» **INPUT DATA**
---

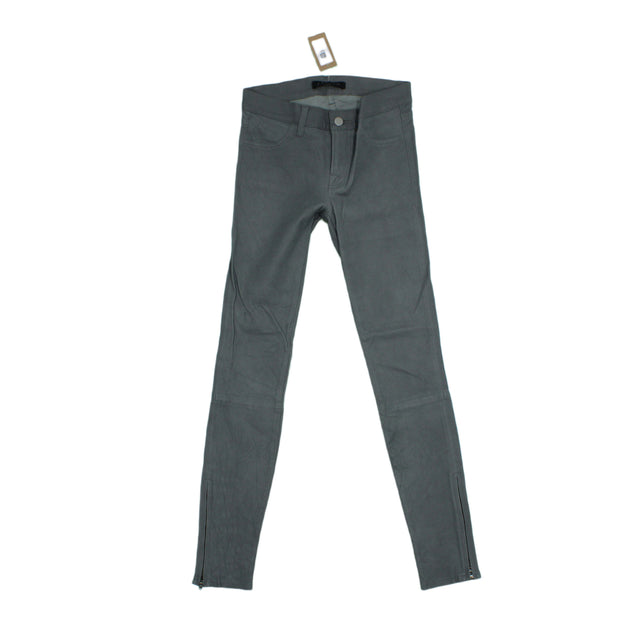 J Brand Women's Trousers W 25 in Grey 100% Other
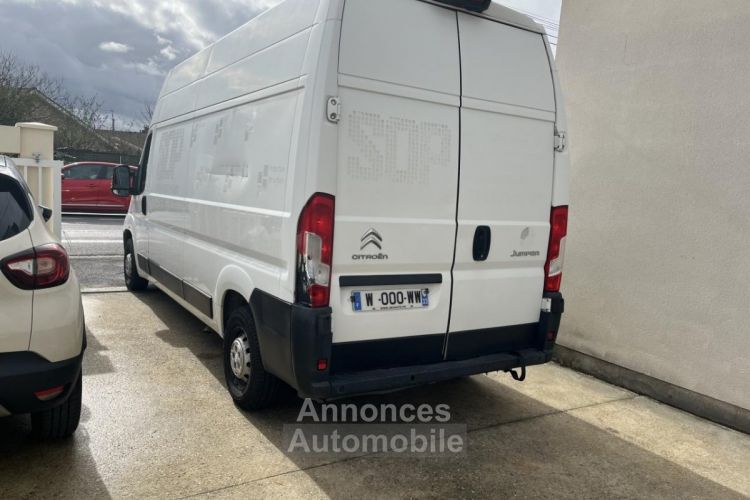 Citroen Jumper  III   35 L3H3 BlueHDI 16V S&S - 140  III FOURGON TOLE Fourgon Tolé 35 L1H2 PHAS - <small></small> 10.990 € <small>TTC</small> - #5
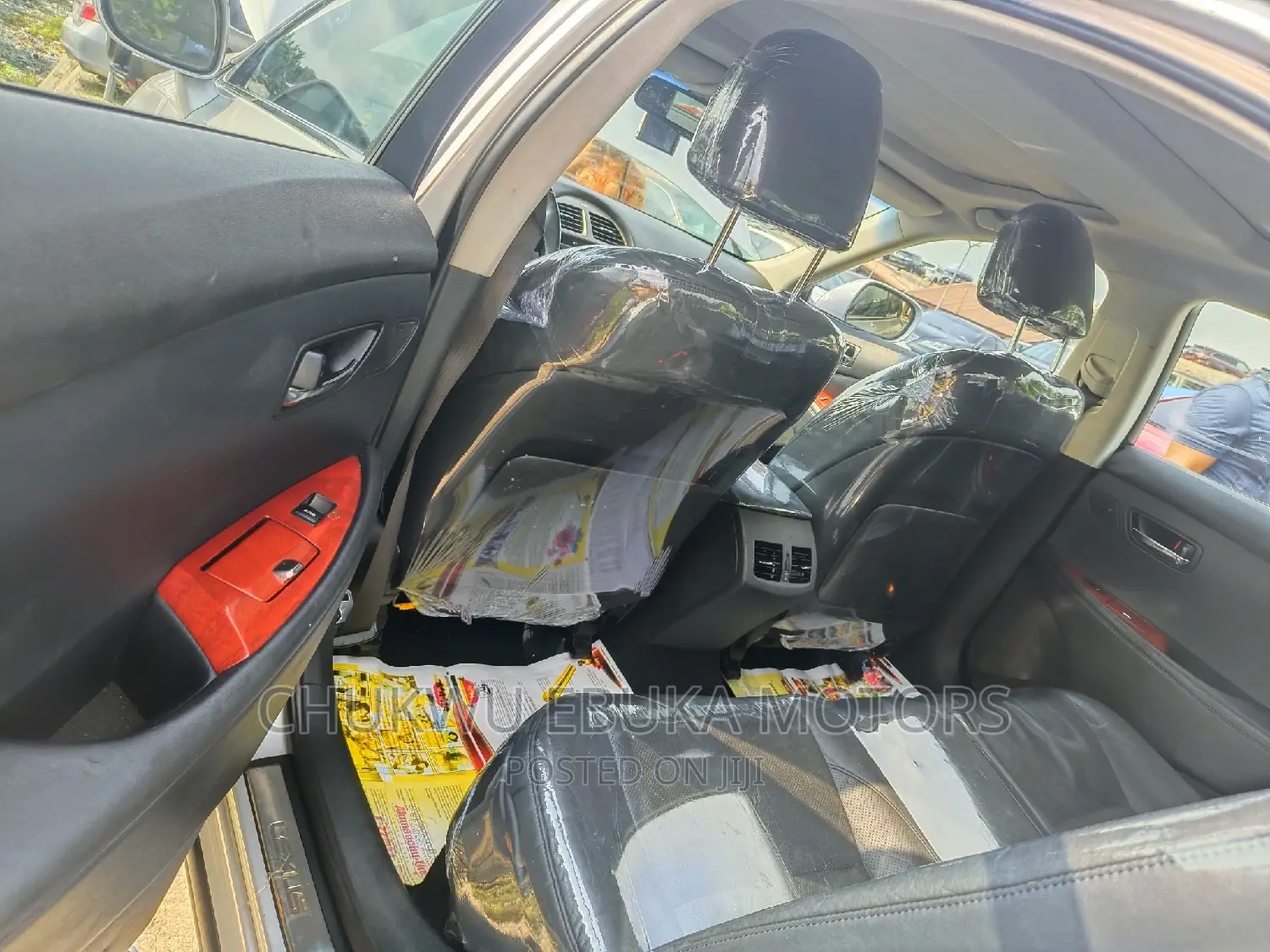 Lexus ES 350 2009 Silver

---

» **BRIEF**
Write down exactly the lines running from the line with "<small>TTC</small> - #5" through the end of the material, both ends included, and none of the pictures.

» **ANSWER TO THE EXERCISE**
 Citroen Jumper  III   35 L3H3 BlueHDI 16V S&S - 140  III FOURGON TOLE Fourgon Tolé 35 L1H2 PHAS - <small></small> 10.990 € <small>TTC</small> - #5
 Lexus ES 350 2009 Silver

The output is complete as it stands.